### Task requirements:
Write out the entire listing below exactly, with the pictures left out.

### Supplied data:
--

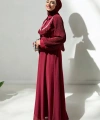 Pilise Kol Detaylı Elbise 3949 Bordo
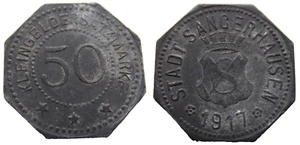 Sangerhausen 50 Pfennig 1917, Zink - Picture 1 of 4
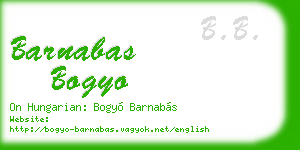 barnabas bogyo business card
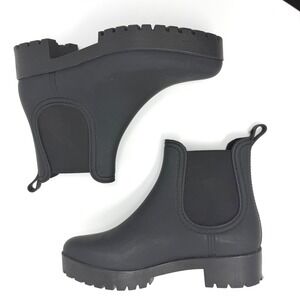 Jeffrey Campbell Rain Boots Women 41 Black Excellent Lug Sole Chelsea Ankle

--

### Task response:
 Pilise Kol Detaylı Elbise 3949 Bordo
 Sangerhausen 50 Pfennig 1917, Zink - Picture 1 of 4
 barnabas bogyo business card
 Jeffrey Campbell Rain Boots Women 41 Black Excellent Lug Sole Chelsea Ankle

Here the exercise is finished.